Last year it was the Arab Spring. Now the “Shareholder Spring” is hogging the headlines.
During one of the worst downturns in memory, in which millions of workers have endured a pay freeze, some fat cats have continued to rake in massive salary rises, while some of the companies they manage have failed to perform.
But that’s about to change.
The Sunday Times states: “William Hill, Unilever and WPP are braced for rebellions over lavish boardroom rewards at the annual general meetings over the coming weeks.”
The report, by Oliver Shah, Simon Duke and Karl West, continues: “Investors are this week set to protest against William Hill’s pay plan for a third year, this time because of a £1.2 million retention bonus and 8.3% rise for Ralph Topping, chief executive.
“At Unilever, concern centres on a possible 6% rise for Paul Polman, the chief executive, which would take him to £975,000.”
Those sums pale in to insignificance when compared to the salary of Sir Martin Sorrell, the chief executive of WPP, the firm behind the disgraceful Argentine Olympics advert.
Last year, he enjoyed a 30% pay rise which took his basic salary to £1.3 million, although with bonuses and incentives he actually pocketed nearly £13 million.
His employers also increased the maximum he can earn from bonuses to 500% of his basic. So in theory his bonus this year could be £6.5 million.
While these three are potential victims Sly Bailey is already a confirmed casualty.
The chief executive of newspaper publisher Trinity Mirror resigned after a storm of protest about her £1.7 million salary.
She’d been in the job since 2003 and during that period she’d earned more than £14 million. Although that’s peanuts compared to Sir Martin’s wages, Trinity Mirror’s share price had lost 90% of its value under her reign and Sly had to jump.
And, like the Arab Spring, there is a strong possibility of collateral damage still to come.
The Mail on Sunday suggests that Jane Lightning, chairwoman of the company’s renumeration committee, will come under pressure to quit this week.

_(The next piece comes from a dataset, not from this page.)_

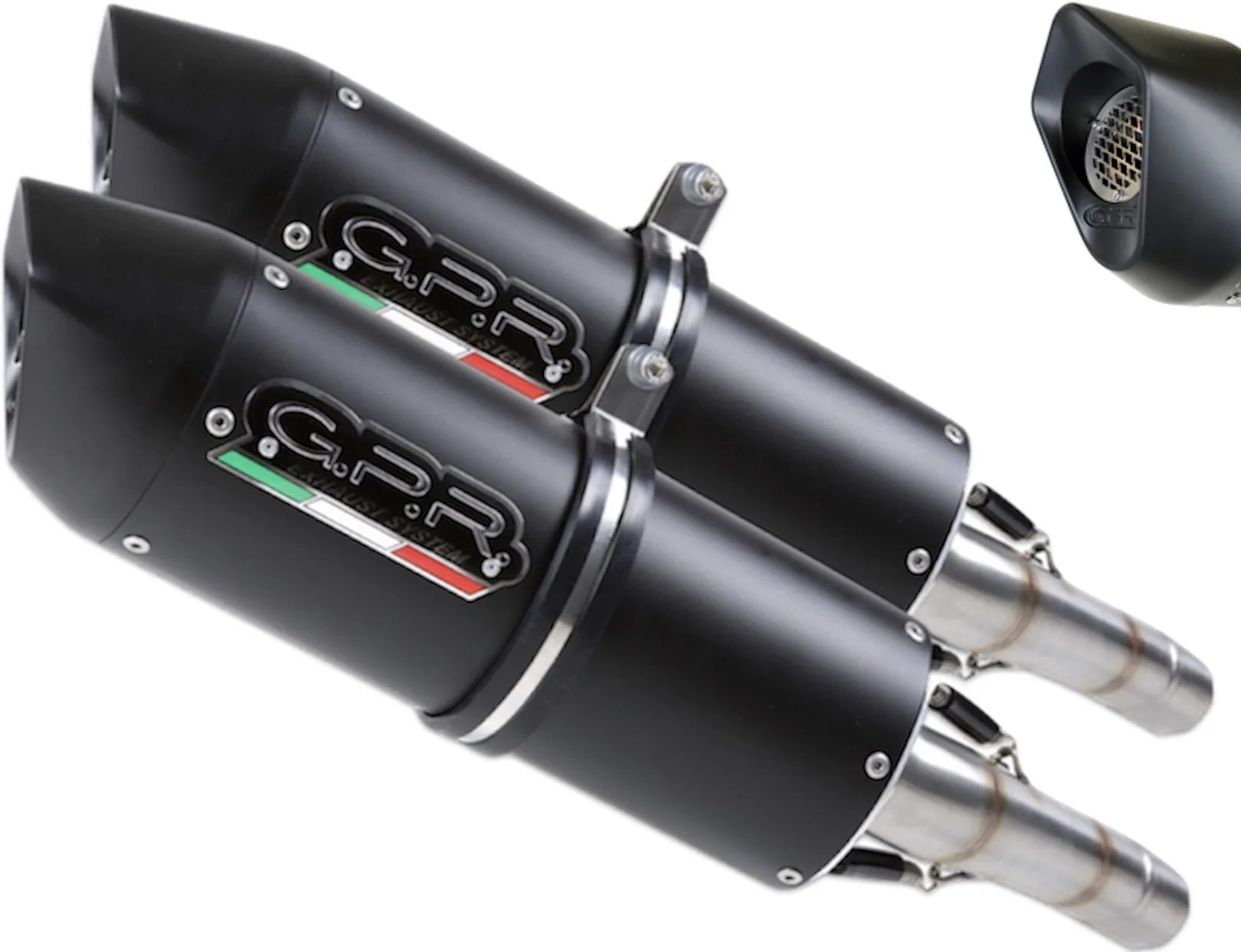 Doppio Terminale Di Scarico Con Omologazione Suono Furore Evo4 Alluminio Nero - Gpr Compatibile Con Aprilia Dorsoduro 900 (2017-2020)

Jon Rees reports: “Top ten shareholders in Trinity told Financial Mail they would vote against Lightning’s re-election as director on Thursday. She gave the green light to the pay scheme for Bailey.”
According to The Sunday Times the main movers behind the Trinity Mirror shareholders’ protest were Aviva Investors, which are wholly owned by Aviva PLC.
Ironically, Aviva’s chief, Andrew Moss, is also in the firing line, according to James Quinn in The Sunday Telegraph.
The paper says Aviva’s share price had plunged 61% since he took the helm in July 2007. Despite that he “received a £2.69m package for 2011 and was handed £2.54m in long-term shares”.
If I were him I’d sell them as soon as possible.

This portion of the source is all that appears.